*Problem description:* Lines from the one containing "Novorozenecká čepička Baby" through the last line of the data are to be returned exactly, both ends included, minus any pictures.

*Data shown:*
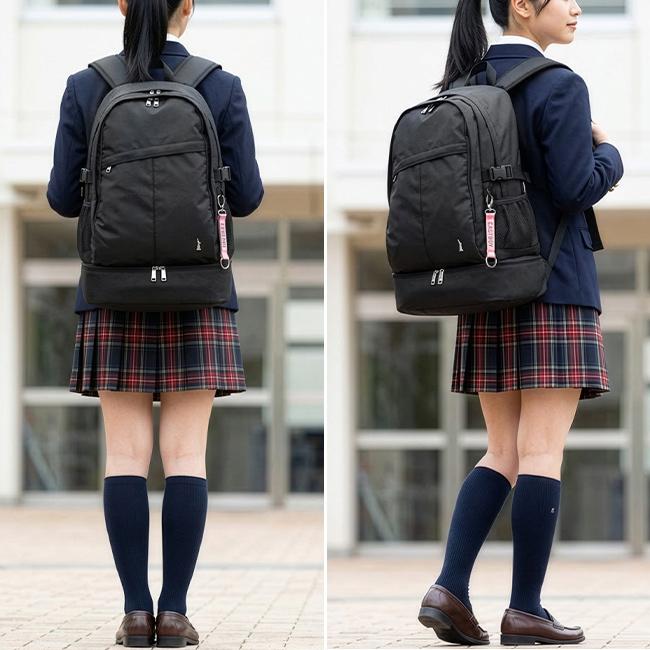 最大50% 12/25限定 イーストボーイ スクバ スクールバッグ リュック 30L 通学 女子 高校生 中学生 軽量 大容量 黒 上下2層式 A4 EAST BOY ETUDE EBA50 | EASTBOY | 07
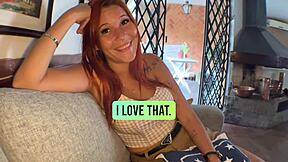 Backstage casting turns into wild sex with Brazilian redhead teen Carla Santon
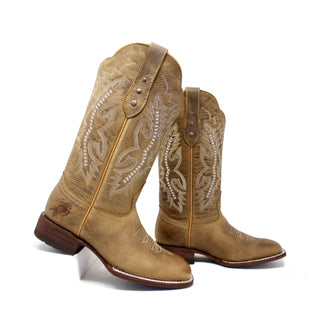 Artillero Square Toe Cowgirl Boot- Desert Tan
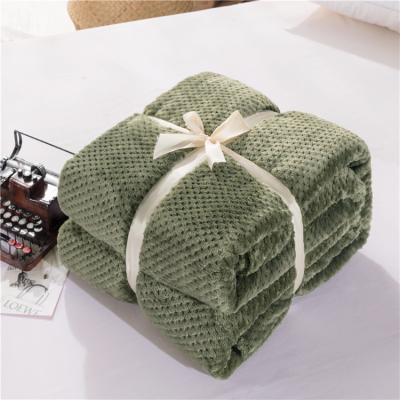 China PORTABLE Hot Sale Waffle Soft Textured Fuzzy Blanket Warm Cozy Microfiber Plush Flannel Fleece Bed Throw Blanket for sale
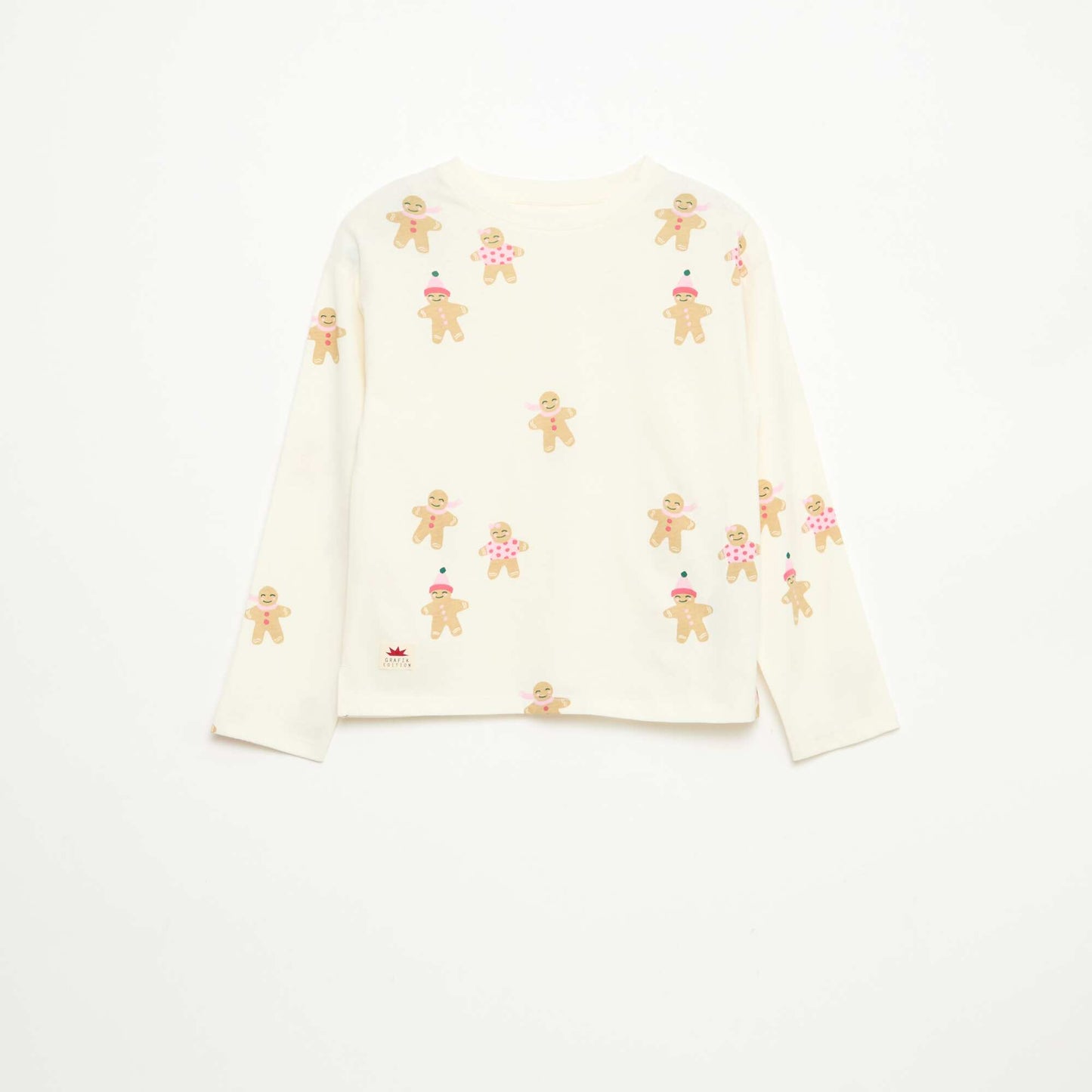 T-shirt manches longues imprimé BLANC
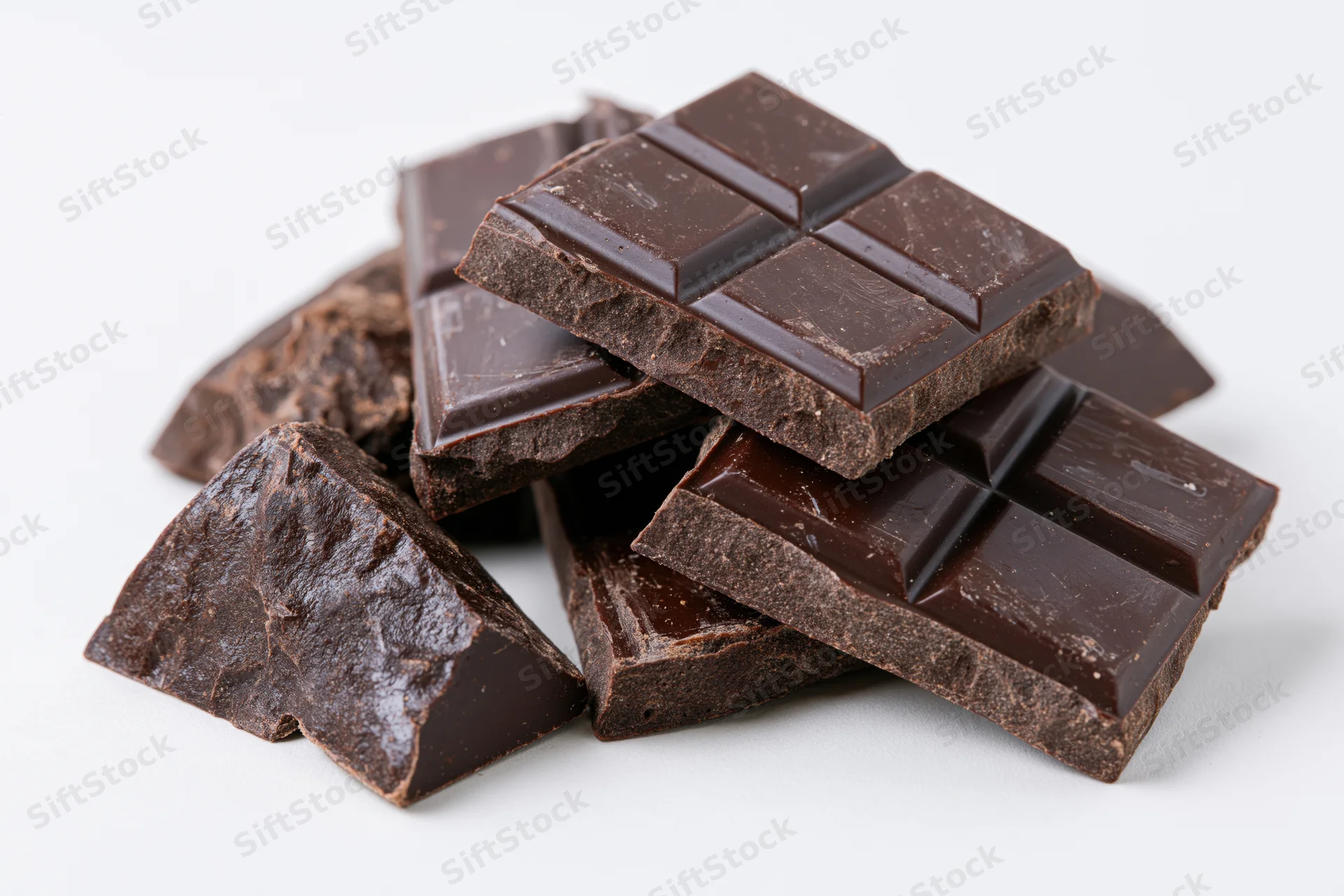 Broken dark chocolate pieces stacked and scattered on white background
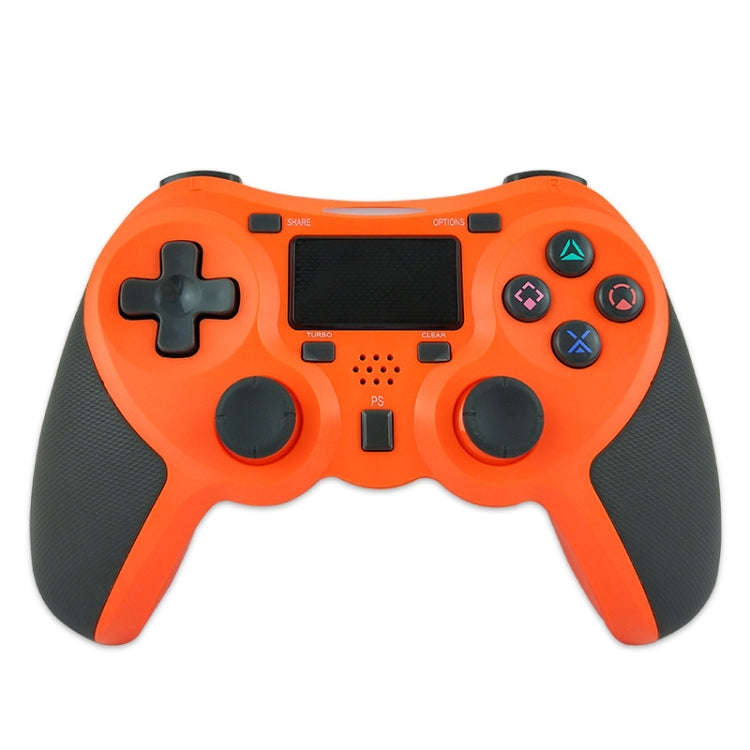 Rubberized Wireless Game Controller Bluetooth Handle for PS4 Host(Orange)
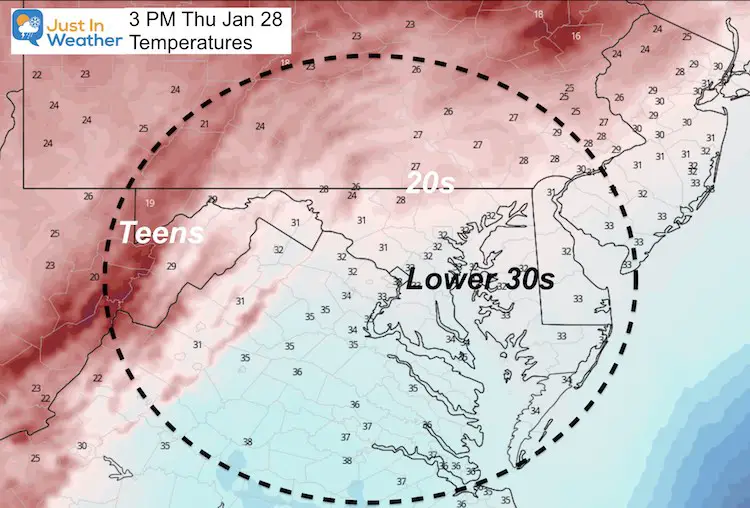 January 28 weather Thursday temperatures afternoon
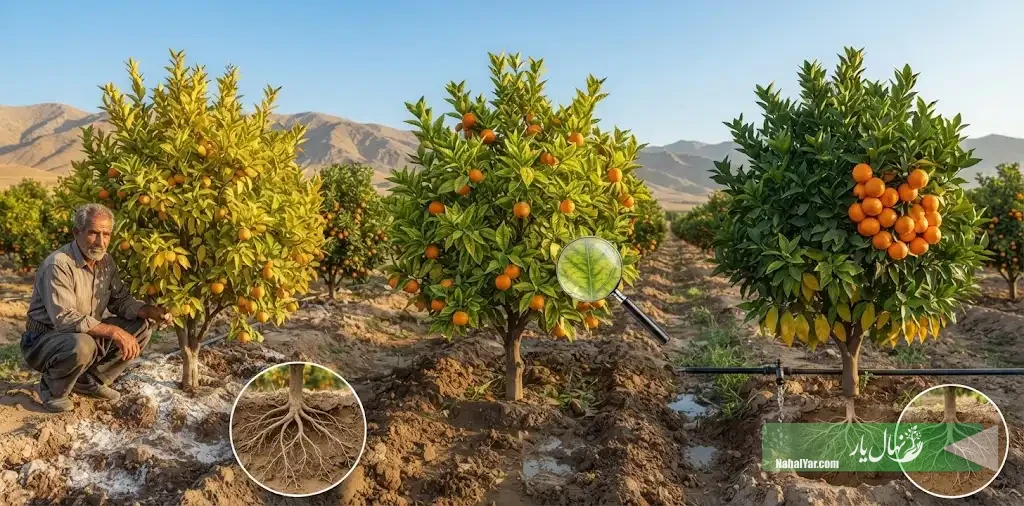 چرا برگ نهال (درخت) نارنج زرد می‌شود؟ شوری آب، ریشه و تغذیه را از هم تفکیک کنید
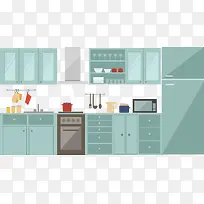 浅蓝色中央厨房-空若网 浅蓝色中央厨房-空若网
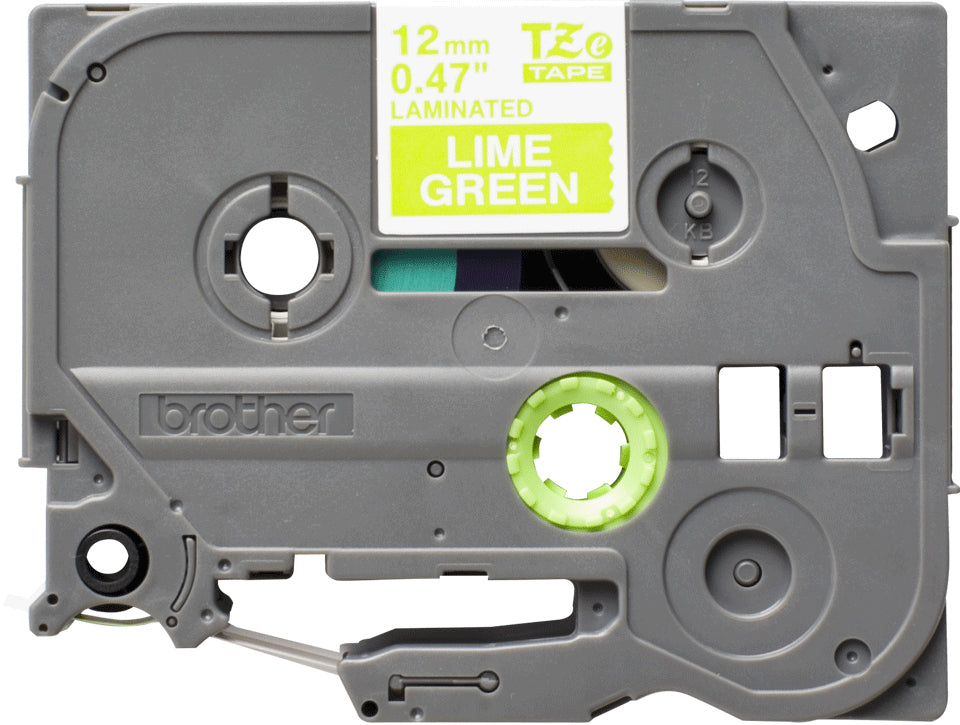 Brother Schriftband – 12 mm × 5 m, limettengrün, weiss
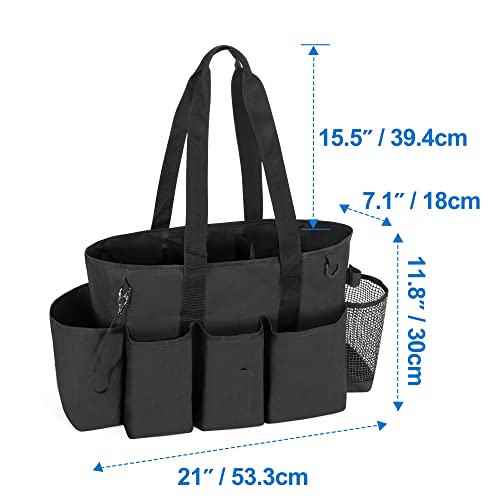 LoDrid Professional Cleaning Tote Caddy for Cleaning Supplies, Cleaning Bag Organizer with Dividers and Handle Strap for Housekeepers Work, Black, (Bag Only) - color: Black
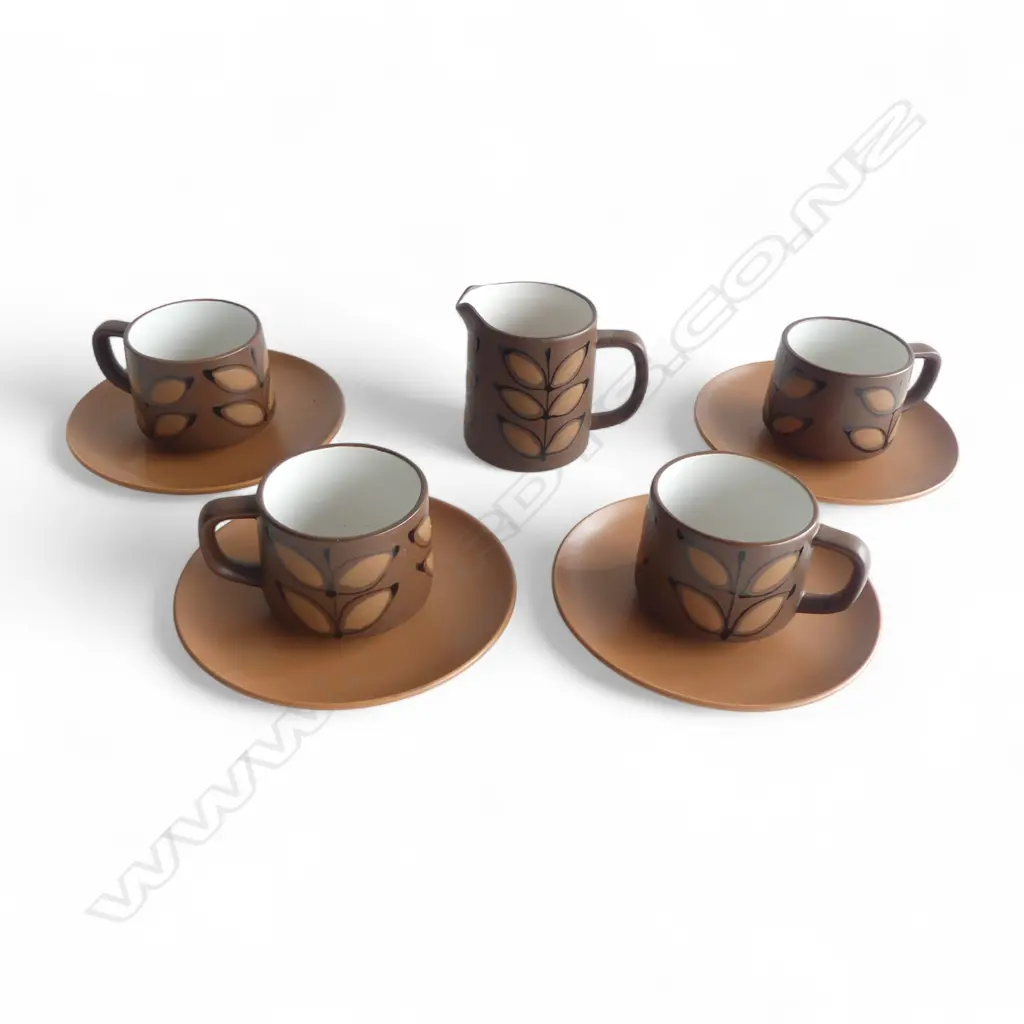 4 RETRO EARTHENWARE COFFEE CUPS & MILK JUG FROM BELGIUM Image 1++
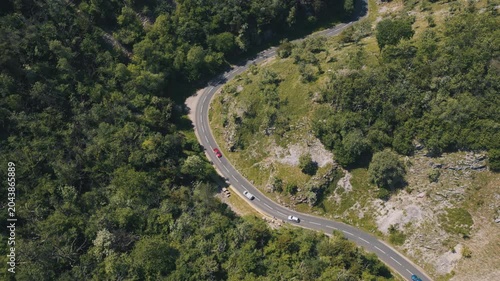 Driving along scenic road in Cheddar Gorge, Somerset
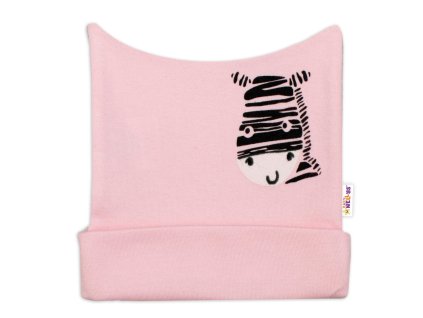 Novorozenecká čepička Baby Nellys, Zebra - růžová (Velikost 56 (1-2m))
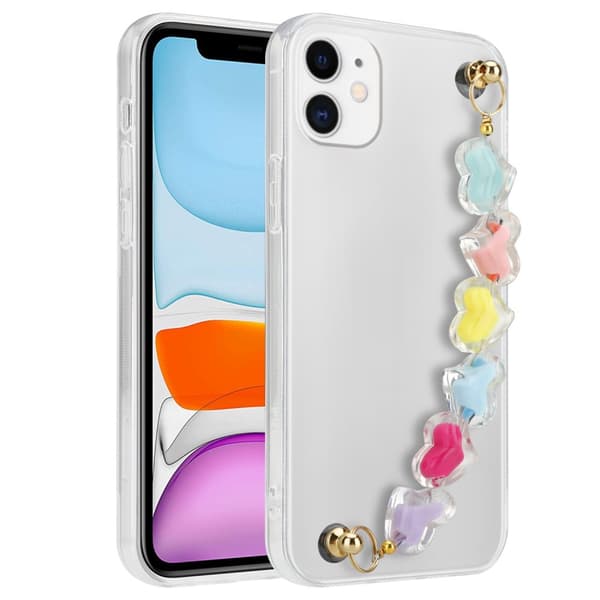 Skyddsfodral för iPhone 11 Fodral Skal av flexibelt TPU-silikon med kedja för handleden Mobilskydd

*Task answer:*
 Novorozenecká čepička Baby Nellys, Zebra - růžová (Velikost 56 (1-2m))
 Skyddsfodral för iPhone 11 Fodral Skal av flexibelt TPU-silikon med kedja för handleden Mobilskydd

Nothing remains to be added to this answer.